Screenscraping Album Artwork From The Linux Command Line

album art cd cli hacking linux programming tools · 9 comments · 950 words · Viewed ~4,817 times.

Like many people, I've collected a fair number of CDs over the years. As hard-drives and MicroSD cards have got larger and cheaper, I've gradually been ripping them to FLAC. Most CD rippers automatically tag the music files with the correct metadata and, nowadays, they will also download and embed album artwork as well.

(As an aside, it always boggled my mind that CDs don't come with metadata burned onto the disc. Even a single spare megabyte would be enough to hold detailed track listing, artwork, etc.)
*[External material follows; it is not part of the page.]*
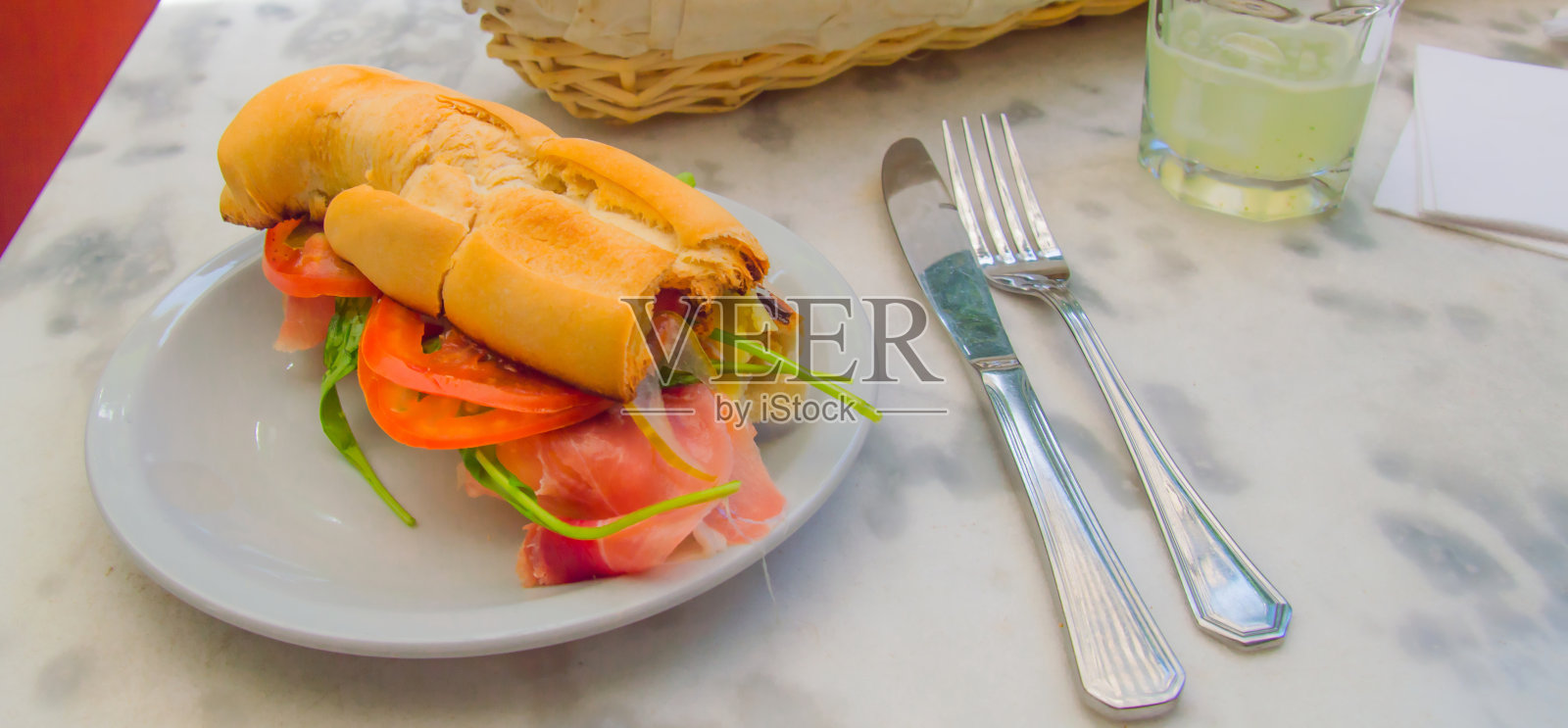 户外餐桌，生火腿和芝麻菜三明治配天然果汁照片摄影图片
Back when I started, there was no way to get album artwork. Most media players will recognise that if a .jpg is in a folder with music, then it should be treated as the album artwork. This file is usually called "cover.jpg" or "albumart.jpg" - but that's only convention; any name will do.
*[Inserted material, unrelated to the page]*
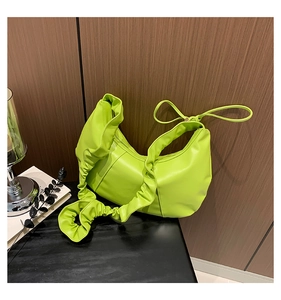 Détail du sac à bandoulière vert fluo avec poignée à volants et design noué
So, rather than re-rip all by CDs, I wrote a quick bash script to scrape the images from albumart.org. First the script and then some notes about the choices I made when writing it.

 Bash#!/bin/bash -e
# get_coverart.sh
#
# This simple script will fetch the cover art for the album information provided on the command line.
# It will then download that cover image, and place it into the child directory.
#
# ./get_coverart.sh <relative -path>
#
# get_coverart Beatles/Sgt Pepper
#
# get_coverart Beatles/Sgt_Pepper
#
# get_coverart "Beatles - Sgt_Pepper"
#
# To auto-populate all directories in the current directory, run the following command
#
# find . -type d -exec ./get_coverart "{}" ;
albumpath="$1"

# Escape any problematic character
encoded="$(perl -MURI::Escape -e 'print uri_escape($ARGV[0]);' "$albumpath")"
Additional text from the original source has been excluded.